7. Practical Considerations and Best Practices
- Always segment prompt input to maximize the stable (cacheable) prefix and keep dynamic or session-specific content at the end.
- Use explicit UUIDs or cache-breakers to delimit segments when using provider-managed APIs (Lumer et al., 9 Jan 2026).
- Monitor cache usage and hit rates, employ fair eviction and whitelisting for critical instructions, and validate under representative workloads, not just synthetic benchmarks (Chen et al., 30 Sep 2025).
- For RAG, multi-document, and conversational workloads, combine episodic compression, blockwise prefill, and per-chunk or per-episode KV budgeting (Kim et al., 22 Sep 2025, Agarwal et al., 5 Feb 2025, Wang et al., 19 Jan 2026).

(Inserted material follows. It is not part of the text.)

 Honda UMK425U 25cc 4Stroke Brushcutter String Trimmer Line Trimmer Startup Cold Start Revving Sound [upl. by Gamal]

- In distributed serving, leverage dual-mapping for combined cache-affinity and load-balancing, and tune scheduling under system SLOs (Yuan et al., 6 Feb 2026).
- Audit and document caching policies, implement privacy boundary controls, and consider the security implications of approximate or semantic cache schemes (Gu et al., 11 Feb 2025, Sun et al., 28 Aug 2025, Schroeder et al., 6 Feb 2025).
Prompt cache, originally arising as a simple acceleration tool, has rapidly evolved into a central construct for scaling, efficiency, retrieval, security, and accuracy in large model inference, enabling modern LLM and diffusion model applications to operate at real-world scale and cost.